Boston magazine ran a fun article in their September 2013 issue called “Books on the T” (you can see the online version here). The article features pictures of train-riding readers and the captions include the titles of their books.
How often do we want to go up to people with books and ask what they’re reading? (I’m sure it’s not just me!) I enjoyed the article but something started to nag at me. Did it hit you, too?
Every person in the photographs is reading a paper book.
This struck me as odd because when I’m riding on the T, I see a lot of people reading on ereaders and smartphones. So this photo essay didn’t ring true. “What does this mean?” I wondered. Why does the depiction of books in print, online, and in moves seem strongly pro-print? Is there a hidden message here? The magazine has been on my desk and turned to this page for three whole months and I’ve mulled these questions over every day that I’m in the office.
And then today I finally thought, why not just ask the journalist?
Hi S. I.,
As a voracious reader and a publishing professional, I loved your article The Books People Read on the MBTA.
As a print book designer turned ebook developer, I was intrigued by the photos of people in the article only reading paper books. This is something I’ve mulled over and I finally thought, why not ask you? Would you consider, if you did this article on a regular basis, including pictures of people reading ebooks on their ereaders or smart phones?
Many people read ebooks and yet when people in the media are represented reading books, it’s often paper books that are depicted.
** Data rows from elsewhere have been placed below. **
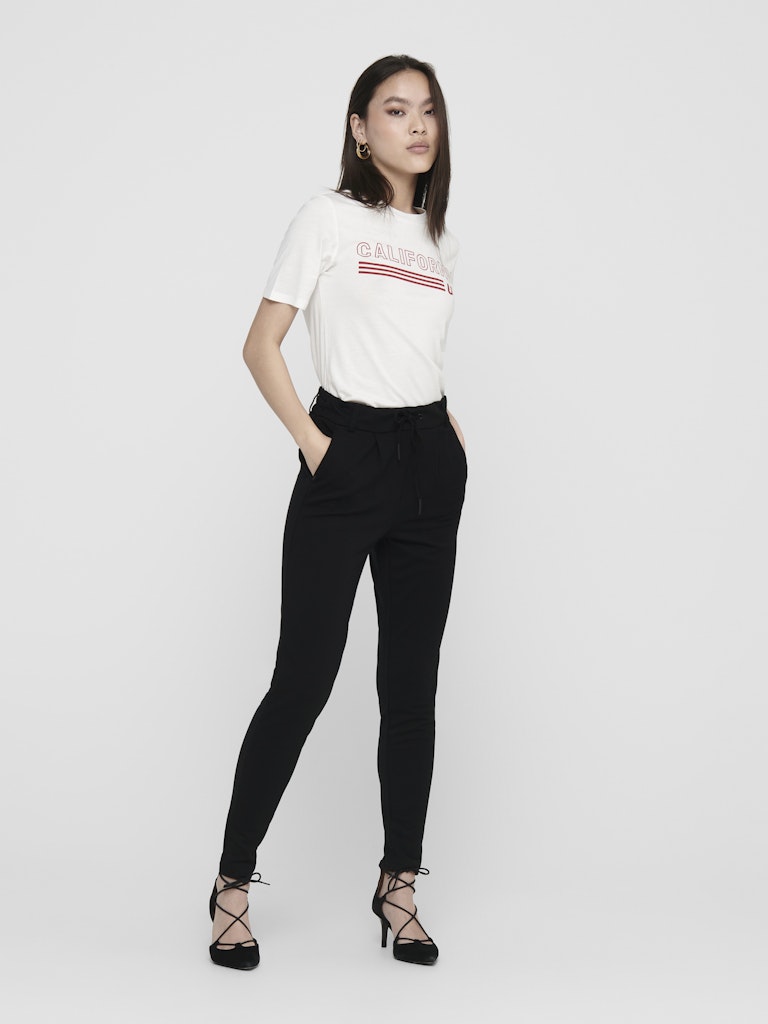 Only Damen Hosen Black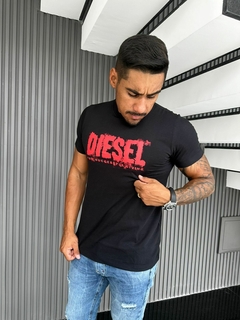 Camiseta básica Diesel Black One - comprar online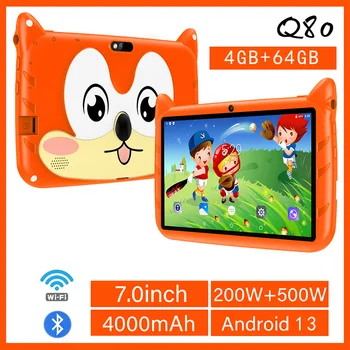Nuevo Google 5G WiFi tabletas para niños 7 pulgadas Quad Core 4GB RAM 64GB ROM barato para niños regalo educativo aprendizaje 4000mAh Tablet Pc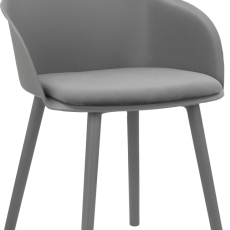 Jedálenská stolička Seiko (SET 2ks) plast, šedá - 4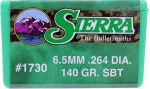 SIERRA 6.5 (.264)140gr SBT BULLET GAMEKING 100/Box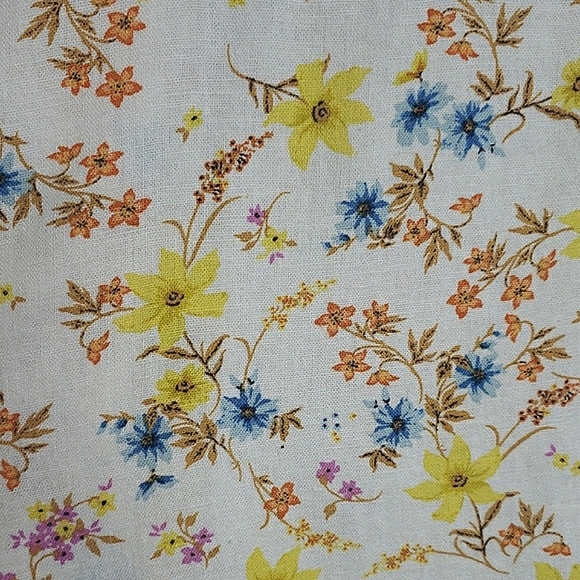 Old Navy Floral Spaghetti Strap Dress Pockets Linen Sustainable Flirty Feminine - Picture 7 of 15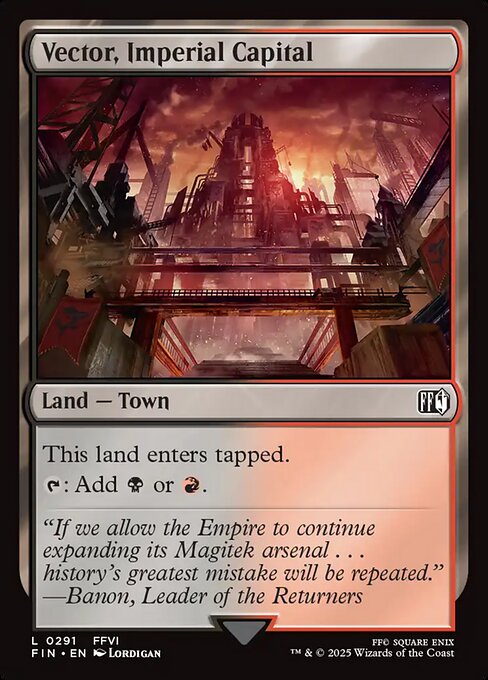 Vector, Imperial Capital #291 [FIN] [ENG] NM Foil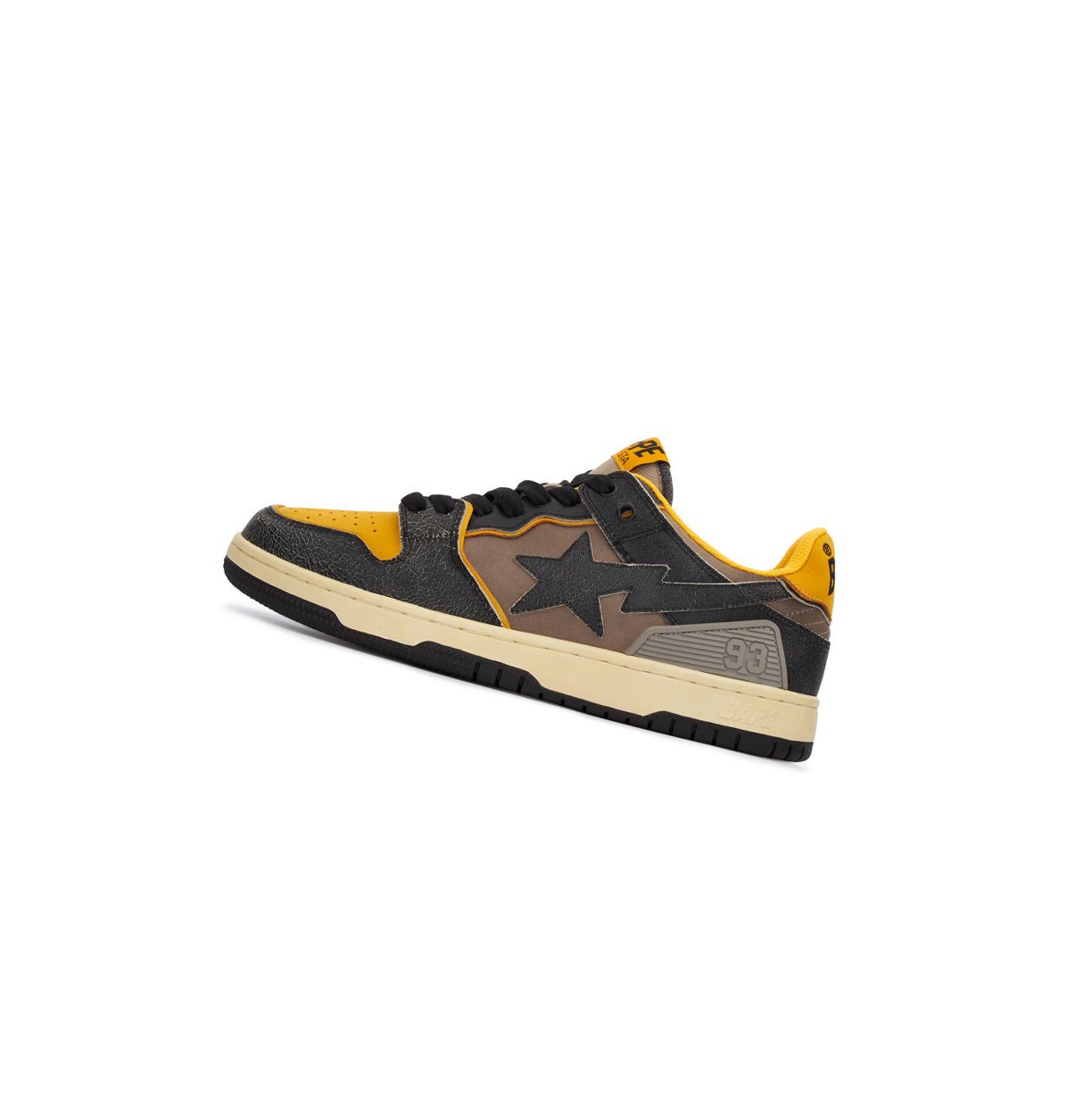 Tenisky A BATHING APE Bape Sk8 Sta #5 M1 Low Panske Čierne | 8716-PAJDK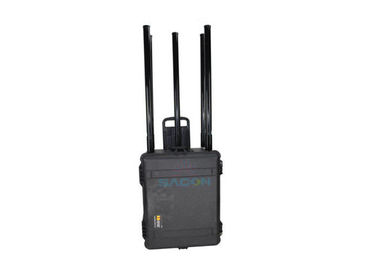 5 แอนเทนนา 150w พกพา Manpack Jammer Case กันน้ํา ด้วยความถี่ที่กําหนดเอง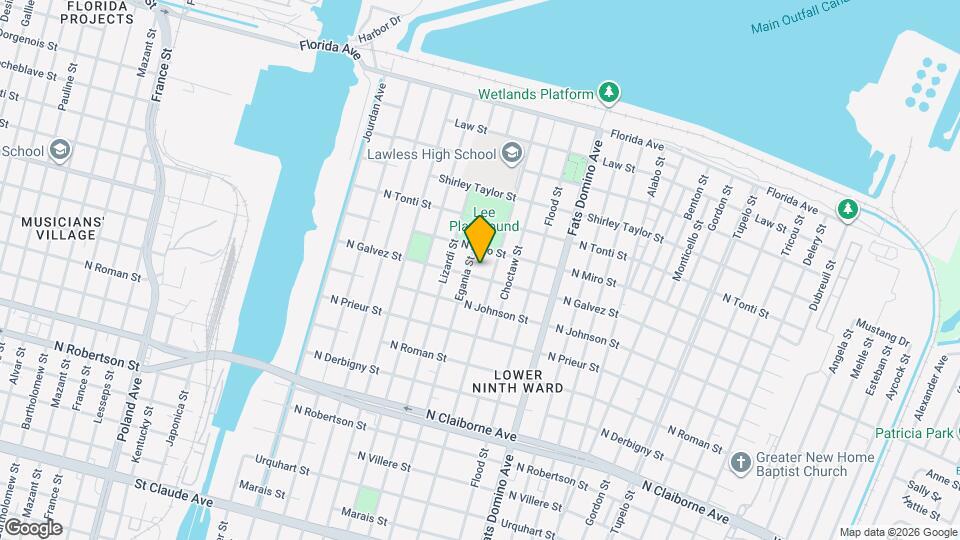 5317 N Galvez St Map and Location Details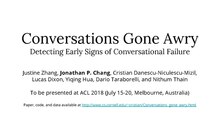 PDF of "Conversations Gone Awry" with first page depicted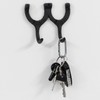 Woodside Cast Iron Wall Mounted Double Horseshoe Hook Coat/Hat/Key Rack,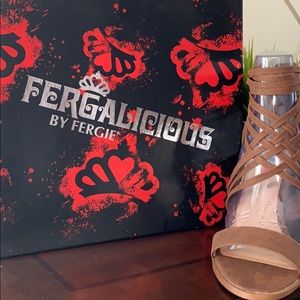 Fergalicious Hunter Cognac Wedge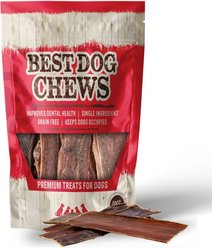 Best Dog Chews Gullet Flats Beef Flavored 6-in Dog Chews, 12 count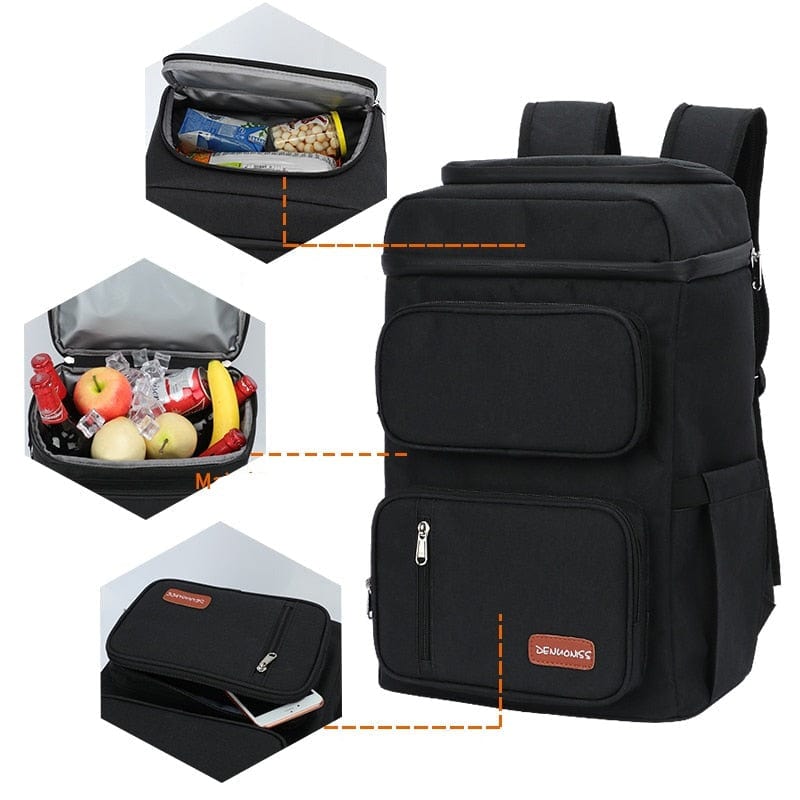 Sac à Dos Isotherme Militaire Noir Sac Isotherme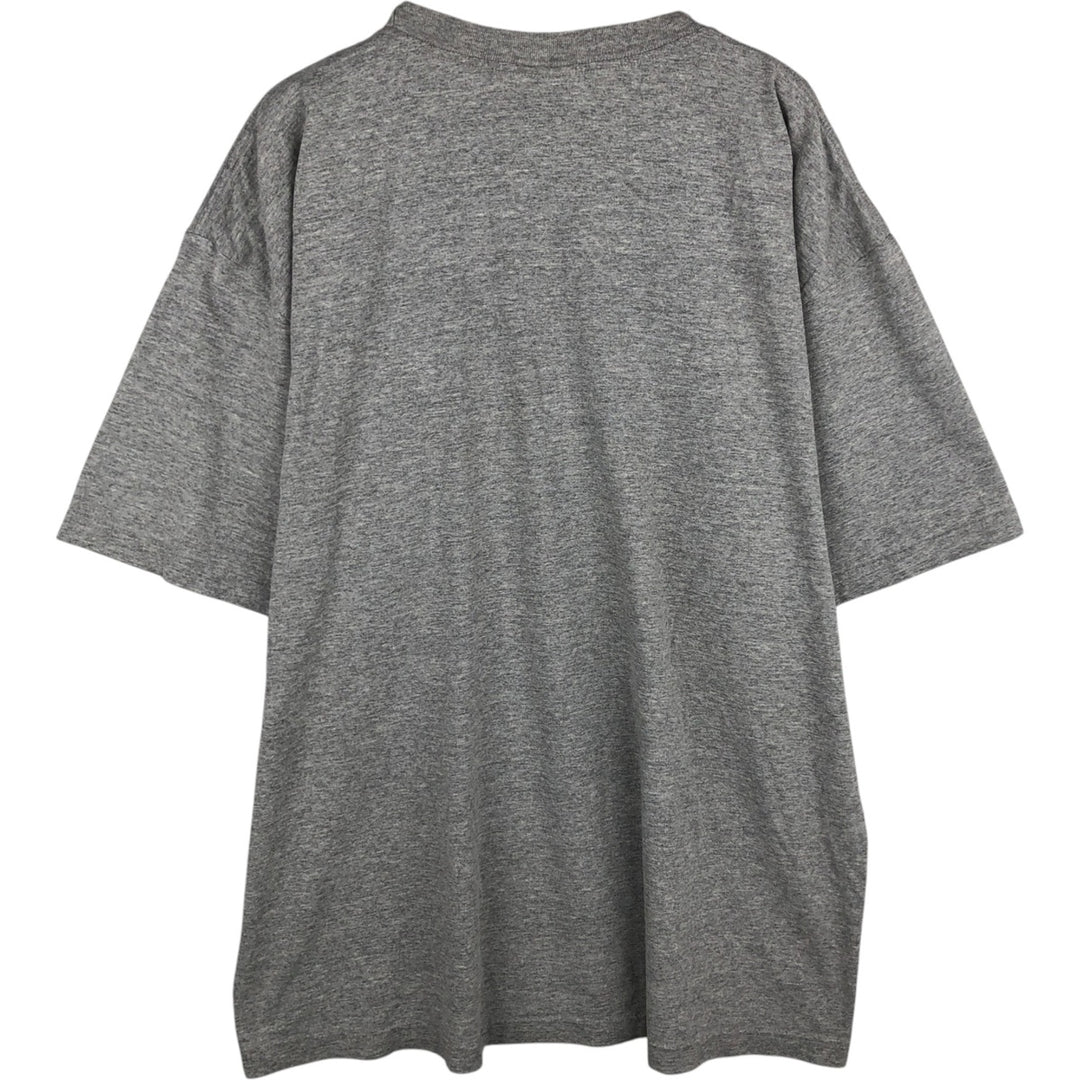 90'S Adidas logo print t-shirt, made in Canada, men's size XL equivalent, vintage. cotton gray type Vintage Second Hand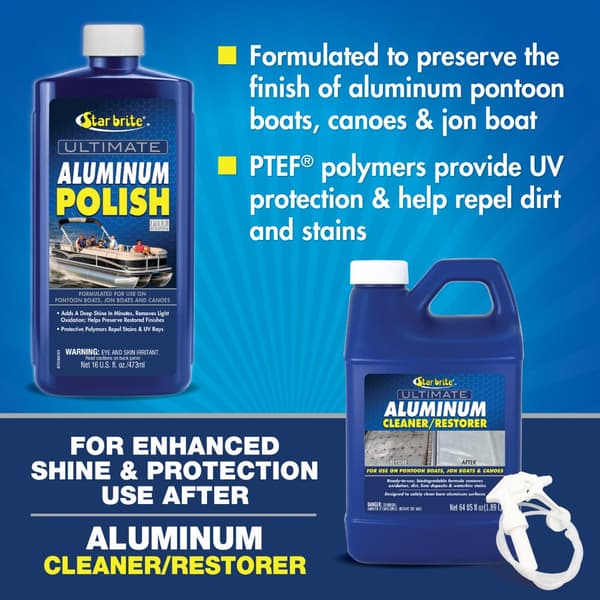 Aluminiumrengöring Star Brite Ultimate Aluminium Cleaner &amp; Restorer, färdigblandad, med spraymunstycke, 1.89 liter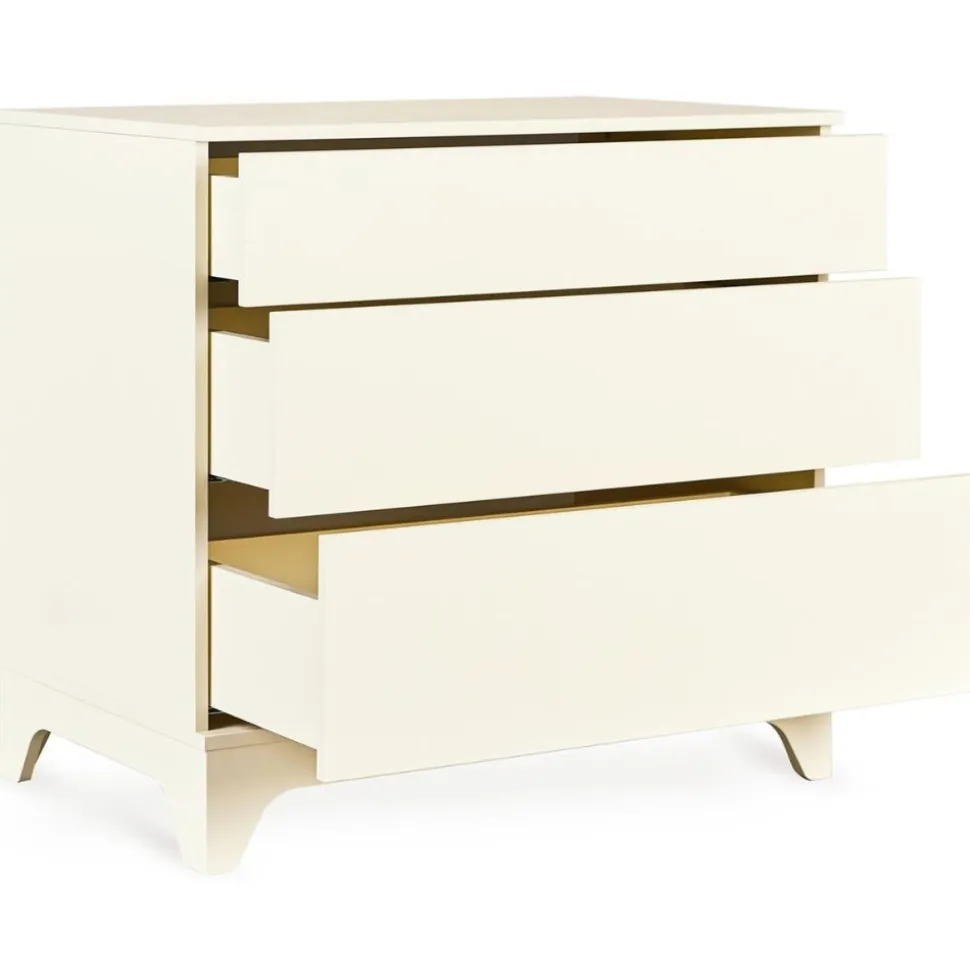 Chambre bébé duo tsugi lit 60 x 120 cm + commode avec plan à langer butter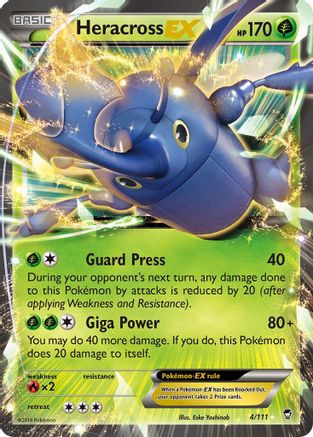 Heracross EX 004/111  - Holofoil XY  Furious Fists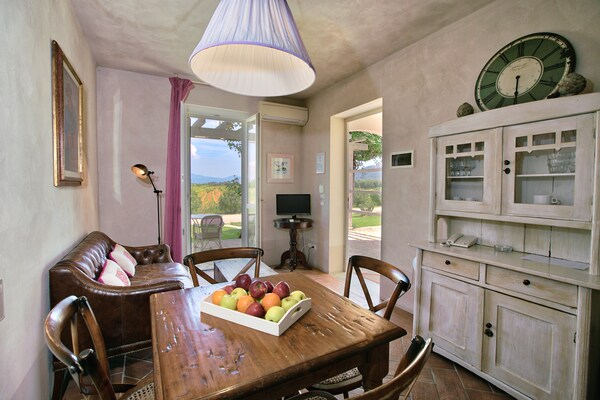 Toscaans vakantiehuis voor 8 personen met zwembad, wellness & golf nabij zee - thumbnail 5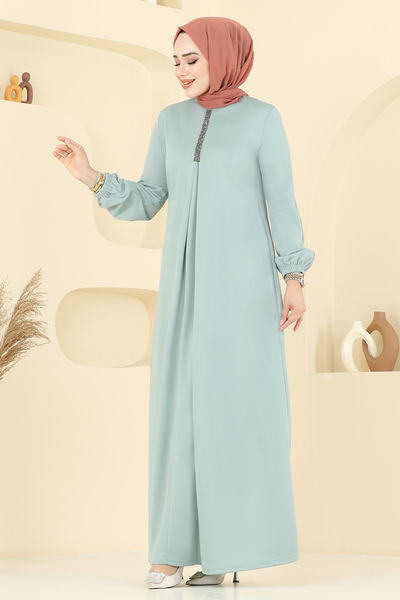 A.S.M. - الفستان اخضر فاتح ASM2824-MS - 385572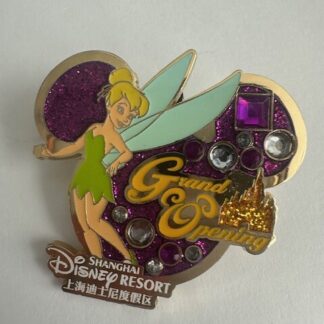 SDR Tinker Bell Peter Pan Castle Grand Opening Mickey Head Disney Pin (B8)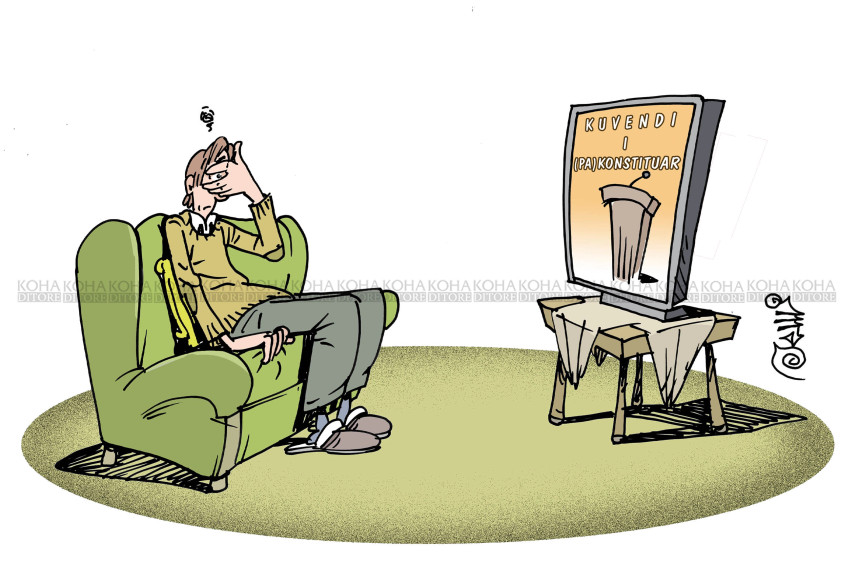 Karikatura e ditës - Kuvendi i (pa)konstituar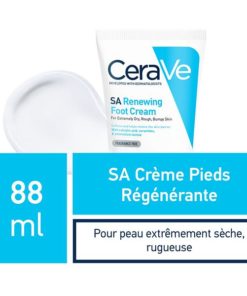 CeraVe SA Crème Régénérante Pieds Très Secs et Abîmés 88ml
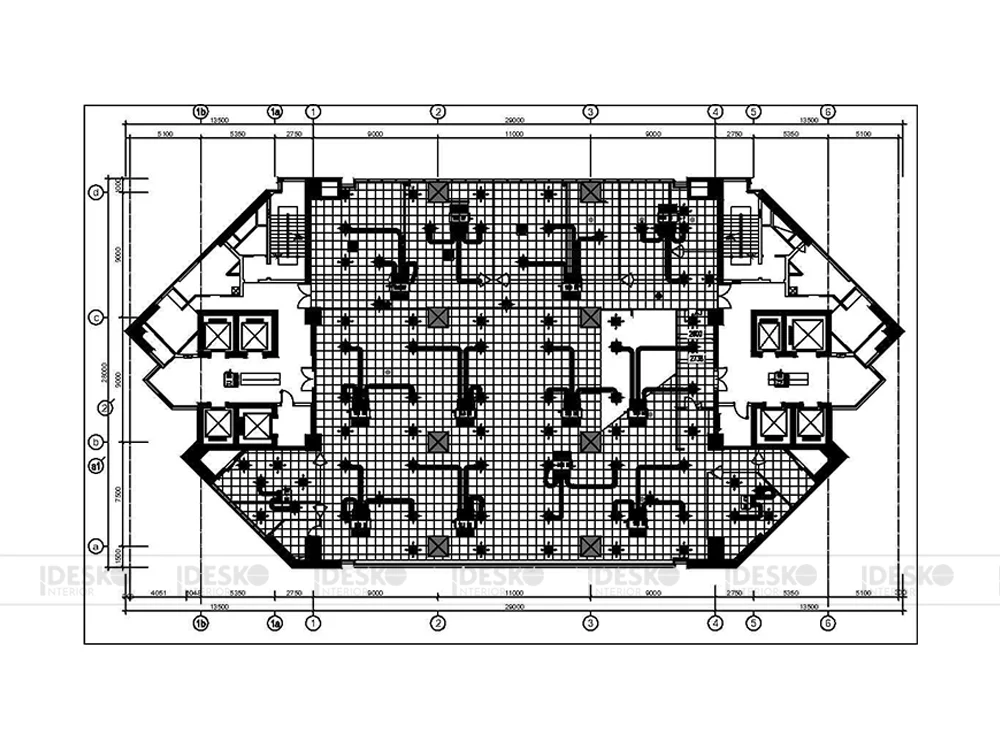 Mẫu bản vẽ mặt bằng điều hòa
Even in movies – when was the last time we’ve seen anyone depicted in a movie reading a magazine or book on a device? I just find this to be a fascinating issue because I think it underscores the beloved icon that the paper book has become. We use ebooks but love paper books?
Anyways, I’d love to hear your thoughts on this if you’d like to share them.
And the journalist responded quickly and graciously.
We did take pictures of people reading e-readers. Our art director happened to deem these pictures not among the best. I love e-readers, personally, and can’t remember the last time I bought a paper book, but there you have it. If I were ever to do this again, I would definitely include books in both analog and digital forms.
As to your larger question, why printed books remain iconic in media: A physical book conveys more information at a distance or at a glance. For example, you can usually see: how expensive the book was (marbled edges? leather bound?); its age (discolored paper, cracked bindings); whether it’s been read many times or just a few times (dog ears, margin notes); how thick the book is in comparison to the size of the text; whether it’s “popular” fiction, genre, or literary fiction (“supermarket” paperback versus TPB versus hardcover); how far along the reader is in the narrative. So I think in addition to its iconic status as an object, it’s likely that props people choose printed books because of how much can be implied about the reader by the specific book. Of course, you can also imply something about a person by seeing that they’re using an e-reader!
Thanks for writing … and reading.
The journalist allowed me to share our conversation with you and we welcome your thoughts on this matter.
- Is it about time that ereaders/ebooks be depicted as iconic as print books in popular culture?
- Does the fact a reader chooses digital versus paper affect your view of that reader?
- Do you prefer digital over paper when traveling (even short) distances?
- Why do I over-think?
…ah, well, I guess that last one is for me to figure out. Meanwhile, I’m putting the magazine back on my shelf. Mystery solved!